So, what: nobody’s going to say anything about all those morose North West black outfits showing up on the front rows of New York Fashion Week? We’re just going to pretend that it’s now perfectly acceptable to dress a 16-month-old girl head-to-toe in black leather, black feathers, black see-through tops, black, spaghetti-strapped, bodycon dresses and, well all-black-everything?
Color me old school, but I don’t understand this phenomenon of dressing little girls like grown women. You know what I’m talking about: Instagram is full of toddlers and pre-schoolers rocking mini versions of their mama’s thigh boots, skirts, fur coats and turbans, as if Oscar de la Renta, Giuseppe Zanotti and Alexander Wang for tots make for just the perrrrfect attire for finger painting, rolling in the sandbox and slinging play-doh at day care. No style, color or price tag seems to be taboo, and any kid who isn’t looking like a page out of Vogue tots is, well, losing.

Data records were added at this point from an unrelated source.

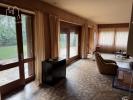 Acheter Maison Malzieu-ville 355000 euros
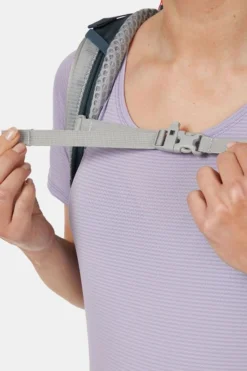 Lowe Alpine La Airzone Trail Nd33 Backpack -Winkel Voor Buitensportartikelen b42b1b0079 4043 11 nl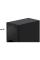 Soundbar SONY HT-S40R, Negru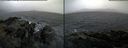 ./images/rivers-inlet/ethel/20150330/ethel20150330_120503.jpg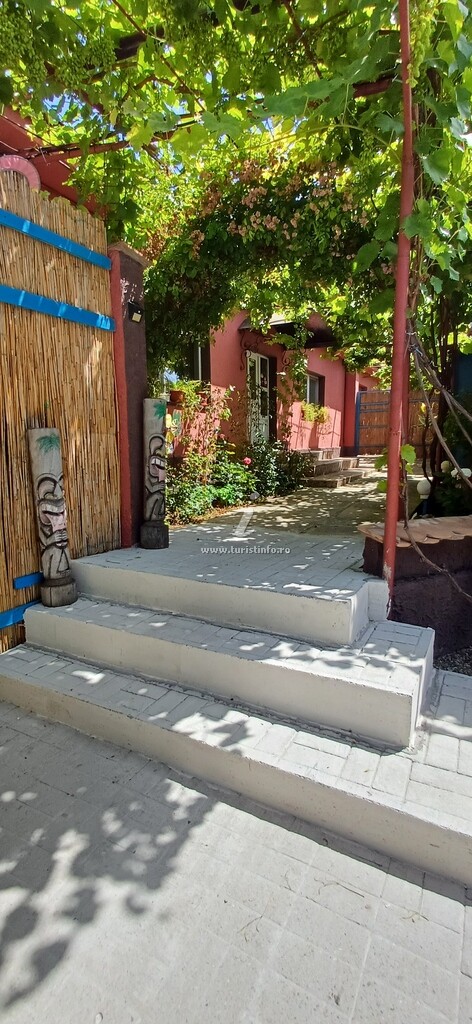Casa Ella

But what happened to letting kids be kids? Is it against some fashion rule, now, for children to dress like… well… children? I look at those North West black outfits and alternately start shaking my head and scratching. She looks uncomfortable. And itchy. And hot—not “fly” hot but hot hot. And whenever that poor baby falls out—as she did sitting front row between Beyonce and Vogue’s Anna Wintour, riding shotgun on her mother’s lap—I swizzle my neck toward Nori’s mama and daddy and toss a church lady side-eye. I need Kim Kardashian and Kanye West to stop trying to make fetch happen.
Understand, I’m neither a hater nor a prude; I think little Nori is absolutely adorable, even if her parents choose to dress her like she’s a professional funeral crasher and insist on bringing her to grown-up functions rather than letting one of her aunties or grandmamas look after her for a couple hours while her parents are off frowning at cameras. But I am the mother of two daughters, a serious lover of children’s clothing and the president of the “Committee To Let the Kids Be Kids,” and I don’t see nan thing wrong with age-appropriate gear for the babies.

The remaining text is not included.